A lire : Marie-Dominique Lancelot, « Claudie André-Deshays : A l’appel des étoiles », dans Revue aérospatiale, n°98, mai 1993.
Elles sont encore nombreuses à rester dans l’ombre et pourtant à avoir œuvré, peut être à leur insu, pour l’amélioration de la condition féminine : Marie-Angélique Duchemin, 1ère femme chevalière de la légion d’Honneur, Clémence Royer 1ère femme qui a obtenu le droit d’enseigner à la Sorbonne, Lily Laskine 1ère femme instrumentaliste à l’orchestre de l’Opéra de Paris(Harpiste), Anna de Noailles 1ère femme commandeur de la Légion d’honneur, Amelia Earhart 1ère femme aviatrice à traverser l’atlantique en solitaire, Elisabeth Schmidt 1ère femme ordonnée femme Pasteur, Mme Levannier 1ère femme ceinture noire de Judo en France, Olivia de Havilland Première femme présidente du jury du festival de Cannes, Jacqueline Dubut Première femme pilote de ligne, Yvonne Brucker 1ère femme conductrice de métro, Arlette Laguiller première femme candidate aux présidentielles…Et pourtant les faits sont là, elles l’ont fait, pour elles, pour nous ! Elles ont fait en sorte que cela devienne possible, même si ça semble parfois banal à nos yeux de contemporaines blasées. Une musicienne à l’orchestre de Paris a provoqué un tollé à l’époque, aujourd’hui cela semble tout à fait ordinaire, et pourtant il a fallu se battre, tout comme la première conductrice de métro, de taxis ou autres, il n’y a pas de petits combats ! La liste est inépuisable et les domaines comme les personnalités de ces femmes sont tout aussi variés. Aujourd’hui, elles reprennent leur place au Panthéon des femmes de légende.

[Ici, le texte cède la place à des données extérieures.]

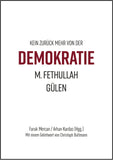 Kein zurück von der Demokratie M. Fethullah Gülen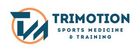 TRIMOTION Sports Medicine & Training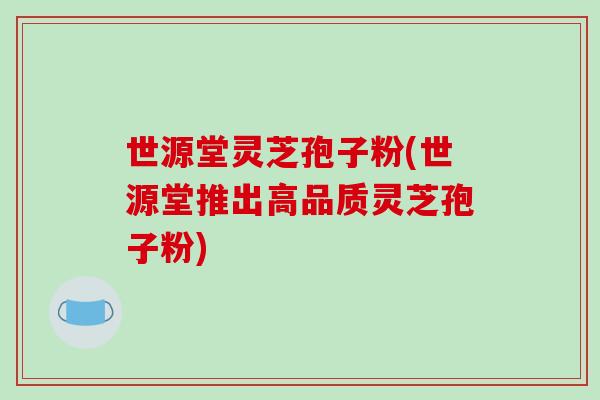 世源堂灵芝孢子粉(世源堂推出高品质灵芝孢子粉)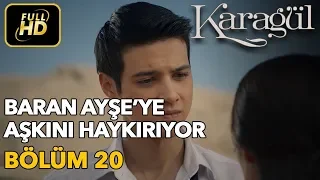 Karagül 20. Bölüm (Full HD Tek Parça) Baran Ayşe'ye Aşkını Haykırıyor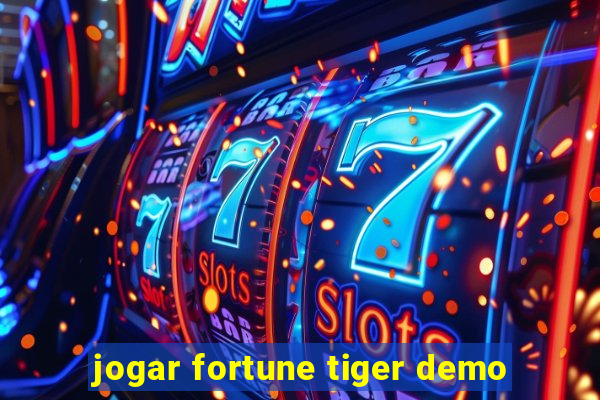 jogar fortune tiger demo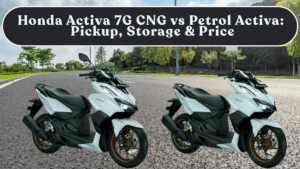 Honda Activa 7G CNG vs Petrol Activa: Pickup, Storage & On-Road Price in India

Une journée pour honorer ces femmes, ainsi que celles que nous sommes, parait ridicule, il faut faire en sorte que cette journée devienne pérenne. Elles ont ouvert la voie à nous de continuer le chemin dans nos petits combats quotidiens.
2 Comments
Atalanta
8 mars 2009 at 7:54Excellente idée ce sujet. Certaines femmes sont connues, d’autres un peu moins et c’est un bonheur de découvrir leurs combats et leurs triomphe, même si l’histoire ne se termine pas toujours bien. Une inspiration pour nous toutes et une belle façon de célébrer la journée de la femme.